EXERCISE ::
Lines before the one containing "lithonia-lighting-cphb-12lm-mvolt-alternate-image-4" are not wanted; restate the rest below word for word, through the last line, but drop any pictures.

DATA SHOWN ::

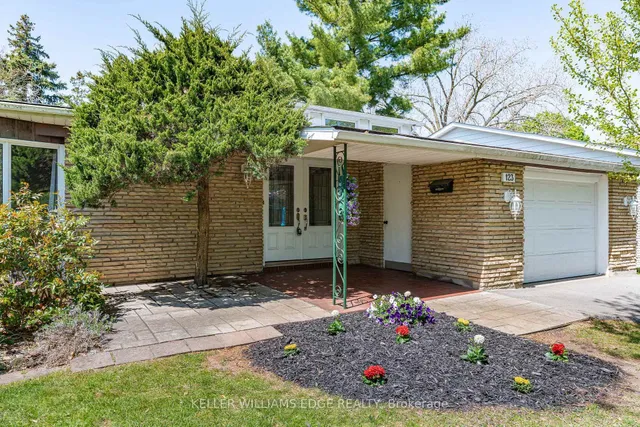 Additional image 3 of 123 Lynn Crt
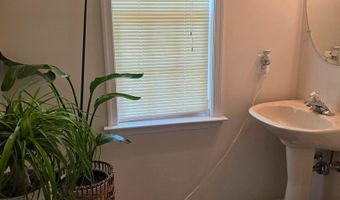 1001 W VIKING Ct, Abingdon, MD 21009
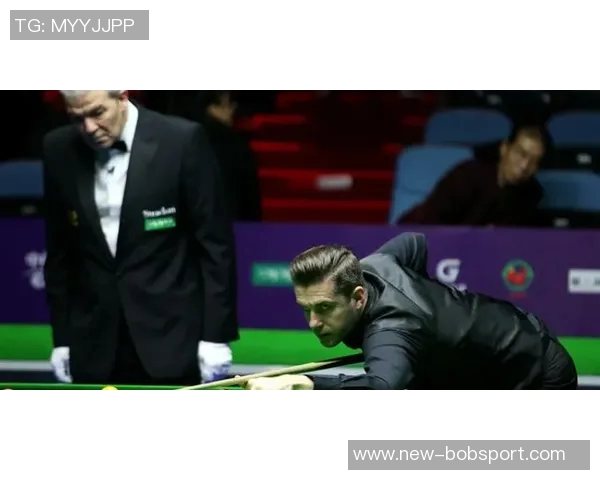 狄龙幽默回应总经理期望称下场比赛要抢回十个篮板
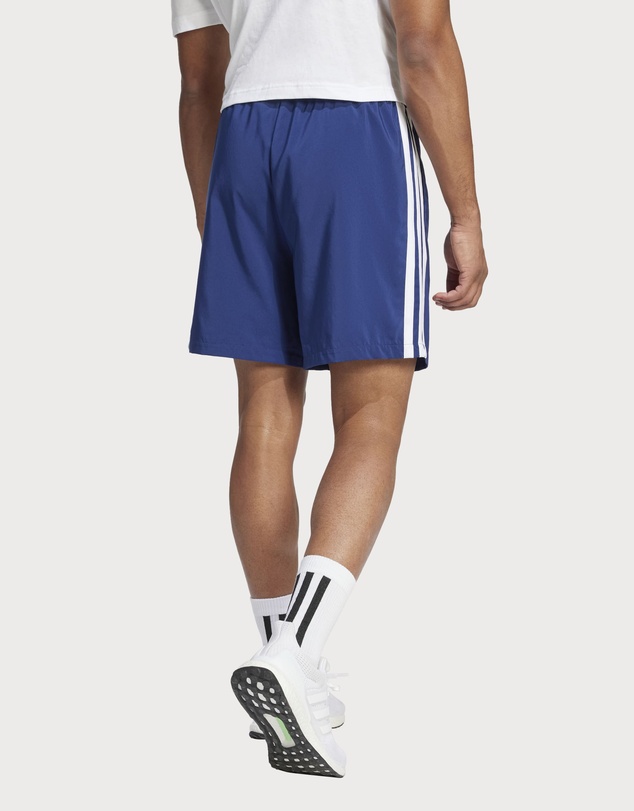 adidas Sportswear - Essential 3-Stripes Chelsea Shorts Mens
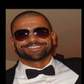Profile image of Frank The Entertainer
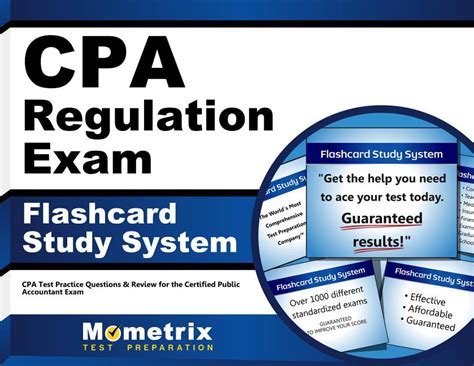 cpa考试辅导机构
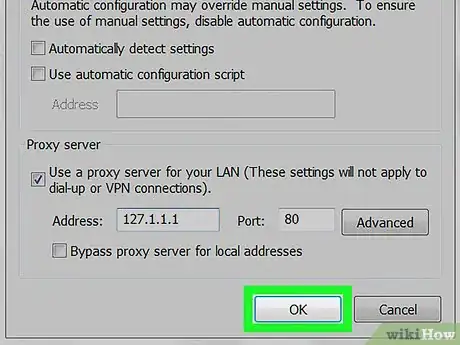 Image titled Change Proxy Settings Step 30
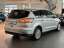 Ford S-Max Business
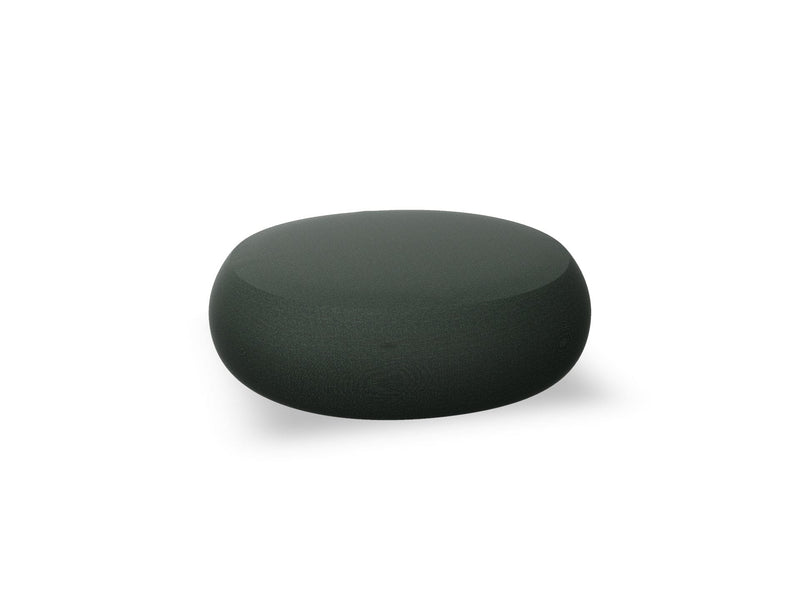 Pix 137 Three Seat Ottoman ottomans Arper 
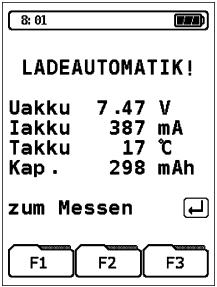 13. Działanie 13.1. Montaż sondy Wskazówka dotycząca pomiaru SO 2 oraz NO 2 (opcja) Jeżeli mierzony jest SO 2 lub NO 2, kanał spalinowy (włącznie z elementami filtracyjnymi) nie może zawierać resztek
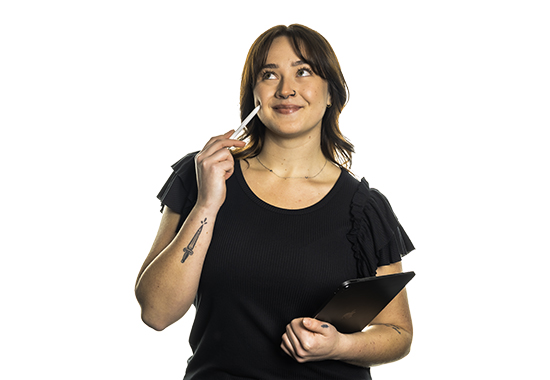 Nicole_Sandstrom_WebFun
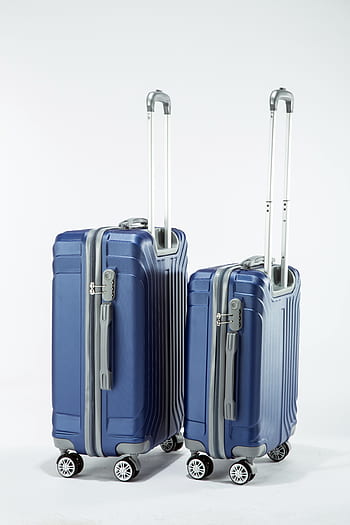 How to clean your rimowa luggage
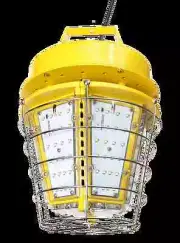 CEP CL120LED - 120 Watt- LED High Bay Light Fixture- 14000 Lumens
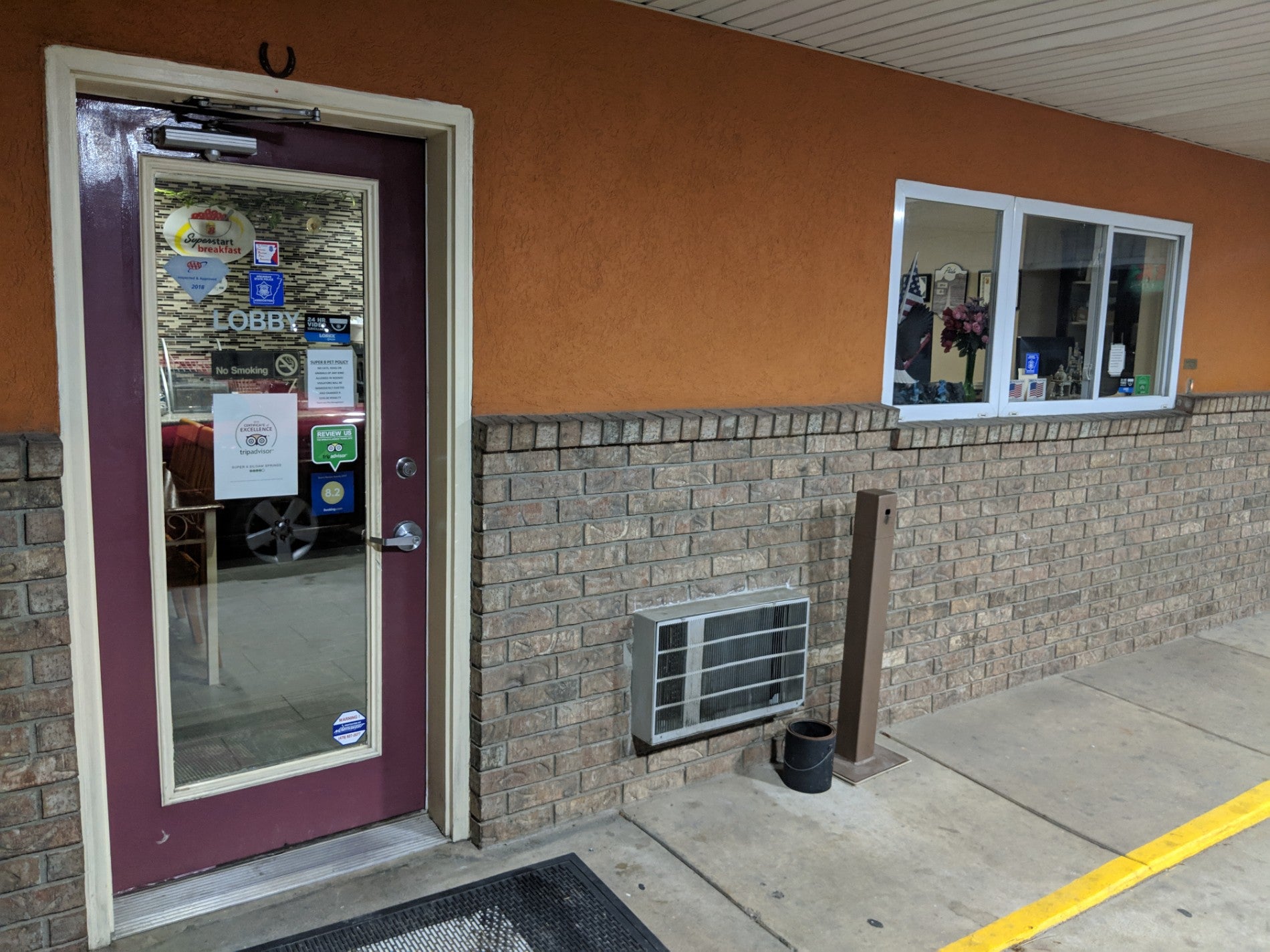 Siloam Springs, AR Map & Directions MapQuest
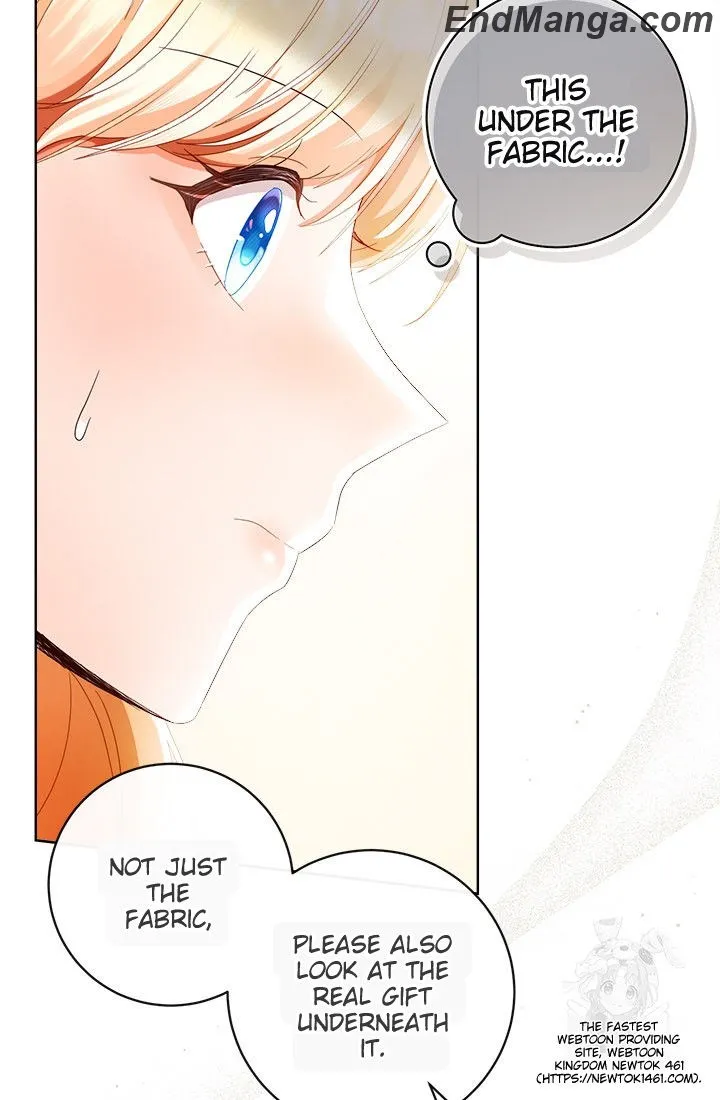 I Will Remove Them From My Life chapter 96 page 62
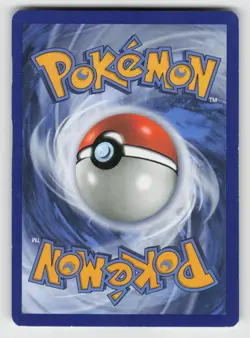 Trevenant BREAK 66/122 Rare BREAK BREAKpoint Pokemon LP - Image 2
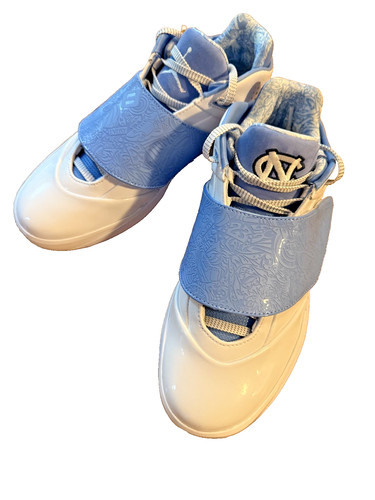 Unc tar heels jordan player - heels,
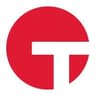 Tanium logo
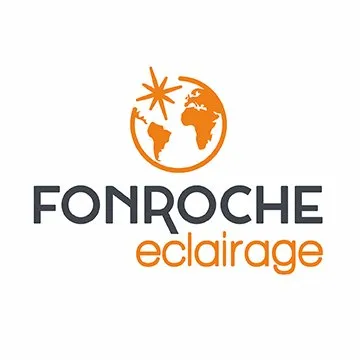 Fonroche Energy logo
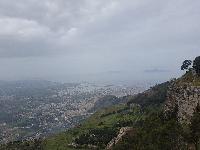 zenphoto/albums/2018/sicile/4 - Erice et vue d'Erice/20180428_100141.jpg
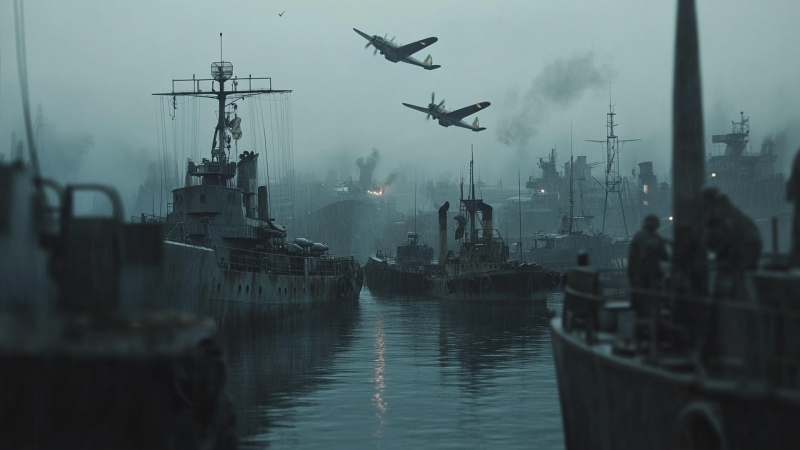 Будем ждать, пока враг ударит по ядерным объектам? "Это саботаж, госизмена" - Товкач сказал, как есть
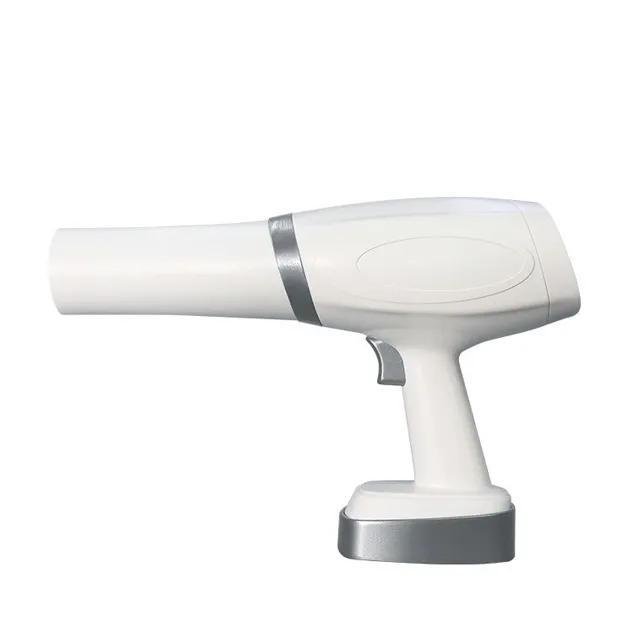 Dental X-ray Machine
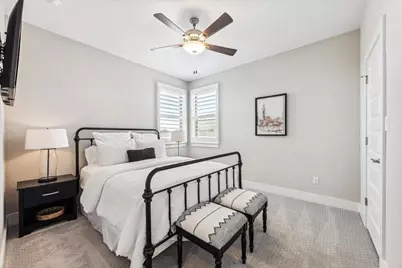 6821 Little Serenity Cove, Lago Vista, TX 78645 - Photo 33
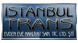 İstanbultrans Evden Eve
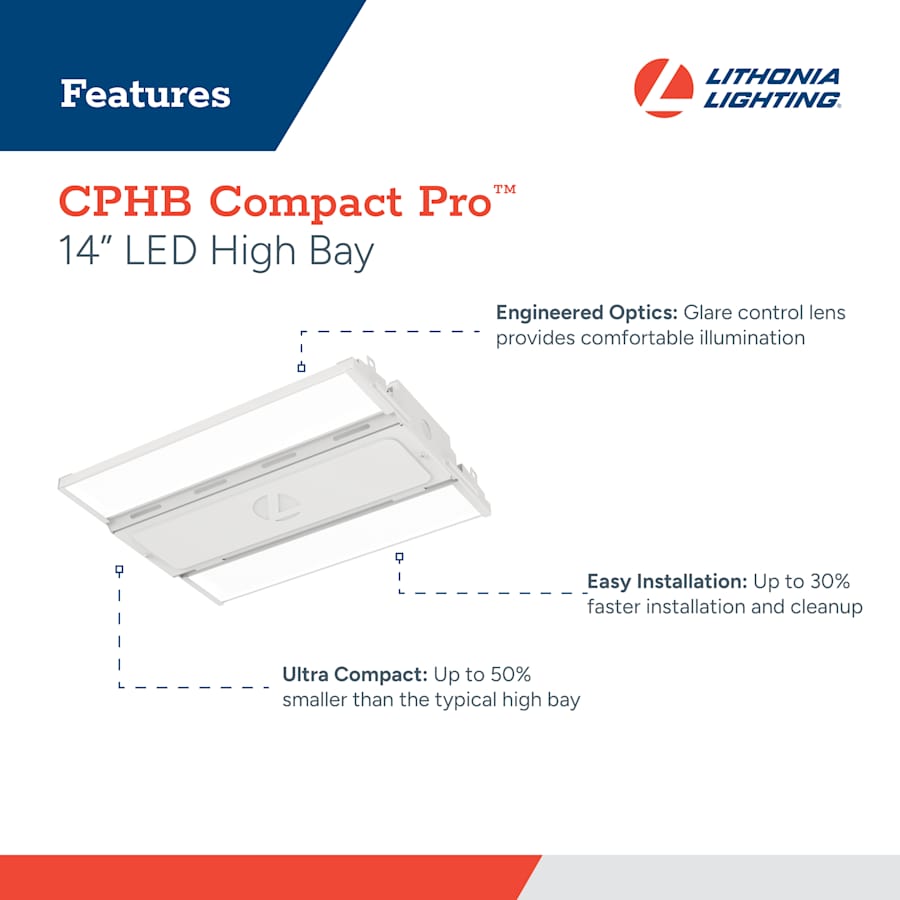 lithonia-lighting-cphb-12lm-mvolt-alternate-image-4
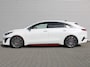 Kia ProCeed 1.6 T-GDI GT | 204PK! | Stuur-/stoelverwarming | Schuifdak | Camera | Stoelgeheugen | LED | Dodehoek detectie | Zeer nette auto | 1e eigenaar |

TASK RESULT ::
 lithonia-lighting-cphb-12lm-mvolt-alternate-image-4
 Kia ProCeed 1.6 T-GDI GT | 204PK! | Stuur-/stoelverwarming | Schuifdak | Camera | Stoelgeheugen | LED | Dodehoek detectie | Zeer nette auto | 1e eigenaar |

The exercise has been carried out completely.